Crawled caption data
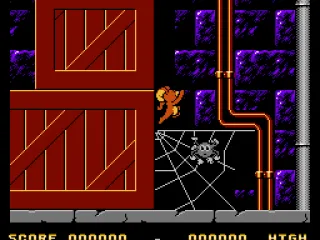 The spider web will slow Jerry down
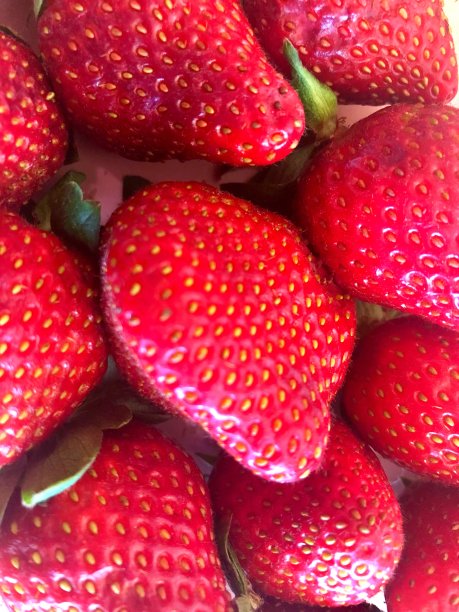 甜蜜的草莓图片下载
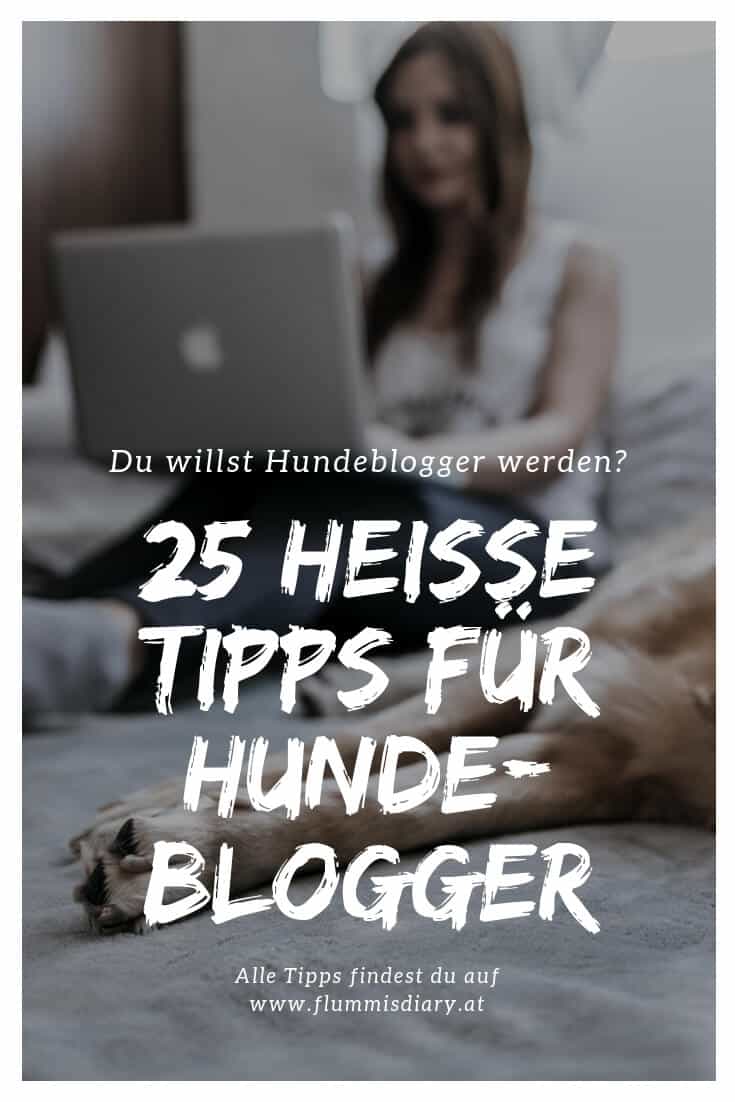 hundeblogger-werden-flummisdiary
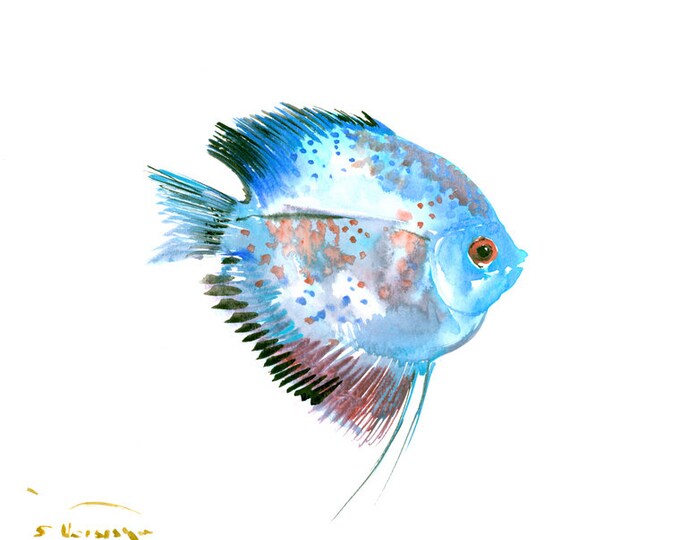 Sky Blue Fish Artwork Discus Original Watercolor Painting 14 Etsy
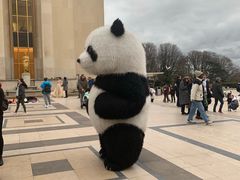 -埃菲尔铁塔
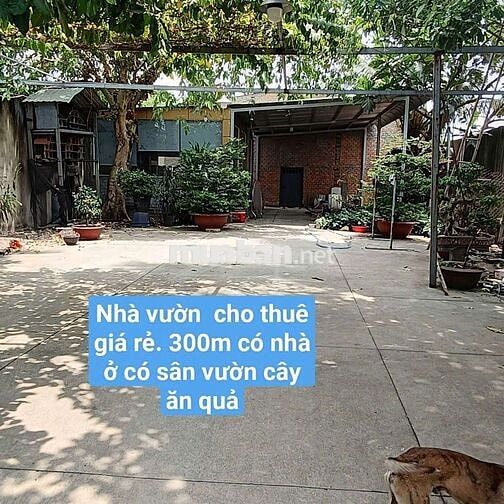 nhà vườn 300m có nhà ở. mái che tôn.Đường lại Hùng Cường Vĩnh Lộc b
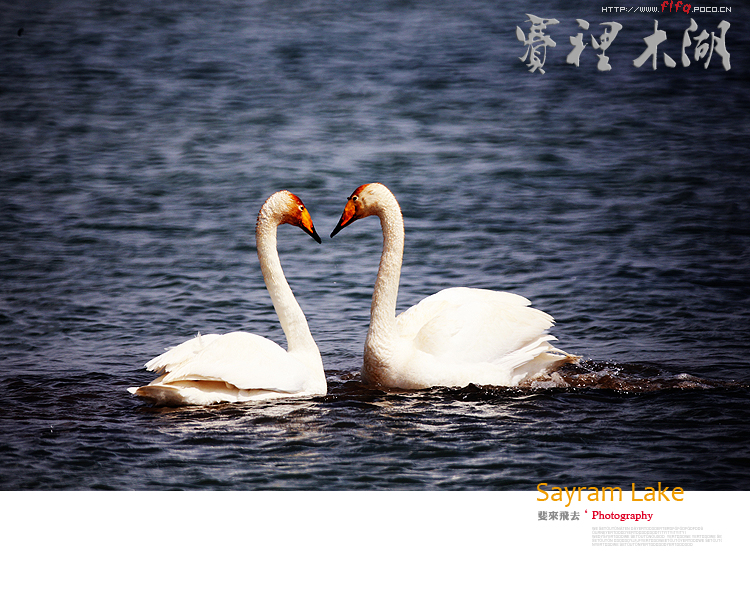 点击大图看下一张：赛里木湖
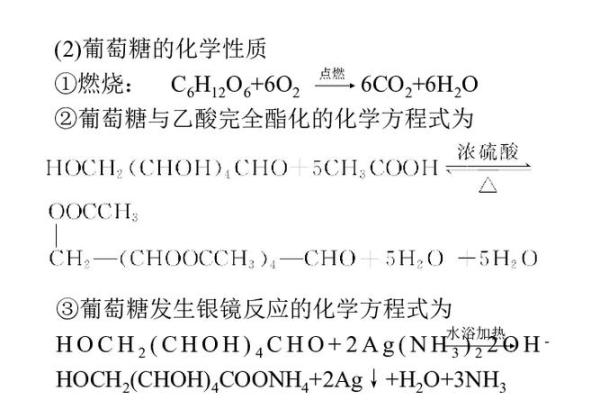 水中土命的秘密:生命与元素的和谐之道 水中土命的秘密:生命与元素的和谐之道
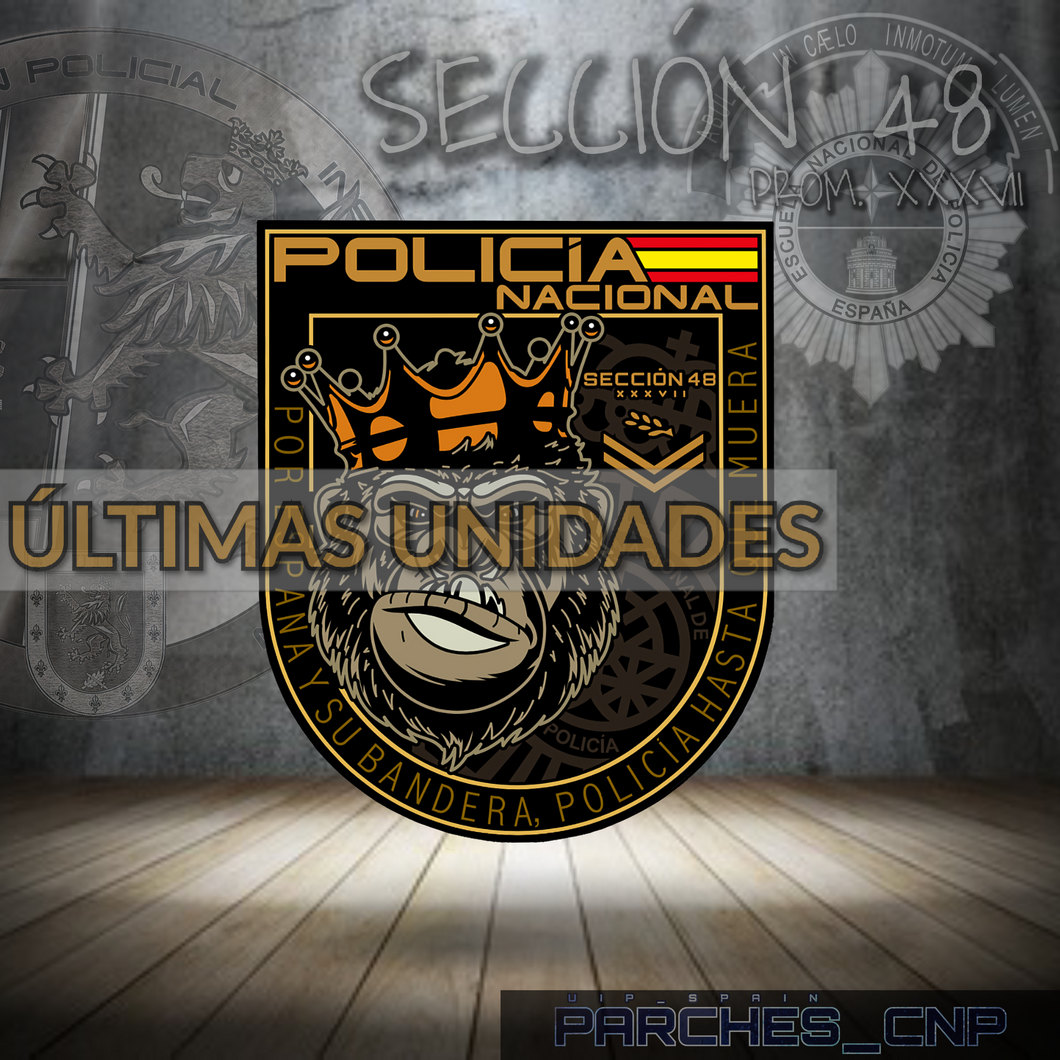 EMBLEMA CONMEMORATIVO DE LA SECCIÓN 48 DE LA PROMOCIÓN XXXVII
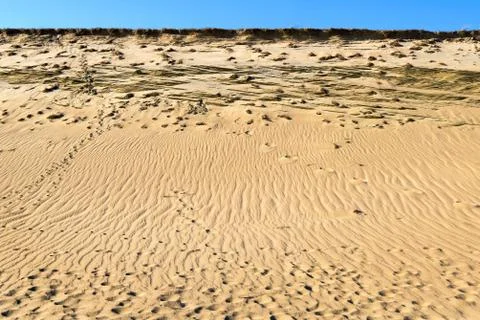 Patterns of lines, waves, footprints and dry grass in nordic dunes of Curonian Stock Photos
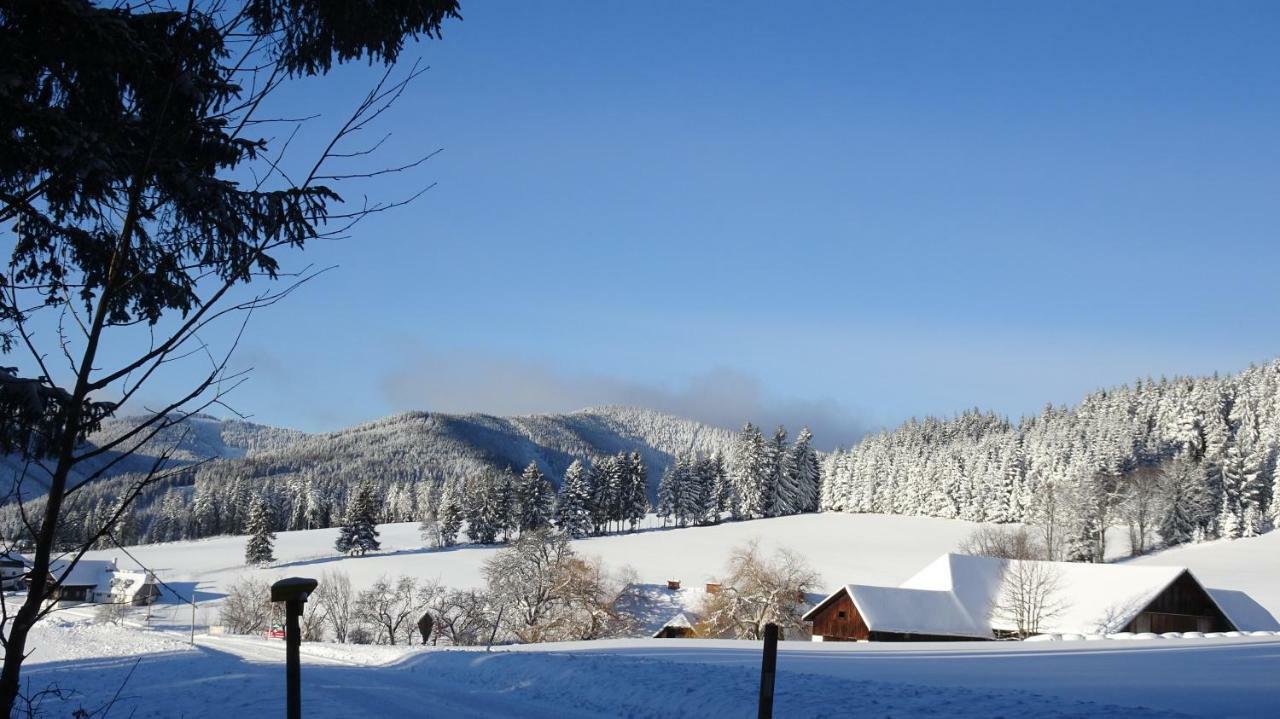 Bauernhof Hoenigshof Fischbach Luaran gambar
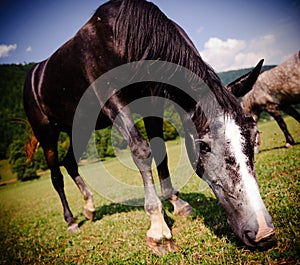 Grazing horse close-up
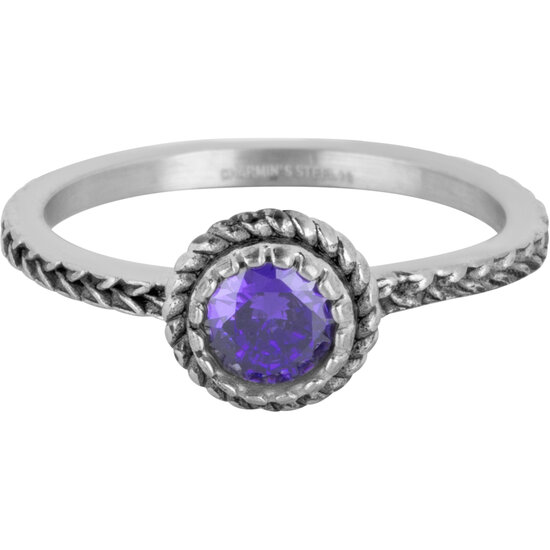 Charmin's Ring Birthstone Februari Paars Lila Kristal Staal Iconic Vintage R1522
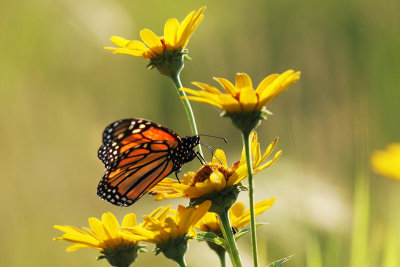 Monarch & flowers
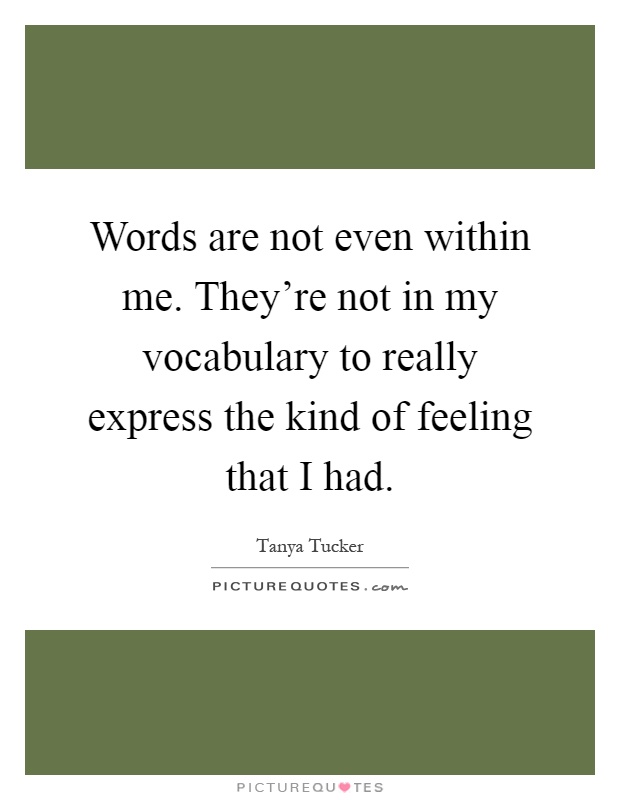 Words are not even within me. They're not in my vocabulary to really express the kind of feeling that I had Picture Quote #1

Work required:
Pick up at the line that holds "Patterns of lines, waves, footprints" and restate each line, word for word, through the last line of the entries. Include both end lines but none of the pictures.

Finished exercise:
 Patterns of lines, waves, footprints and dry grass in nordic dunes of Curonian Stock Photos
 Bauernhof Hoenigshof Fischbach Luaran gambar
 Grazing horse close-up
 Charmin's Ring Birthstone Februari Paars Lila Kristal Staal Iconic Vintage R1522
 Monarch & flowers
 Words are not even within me. They're not in my vocabulary to really express the kind of feeling that I had Picture Quote #1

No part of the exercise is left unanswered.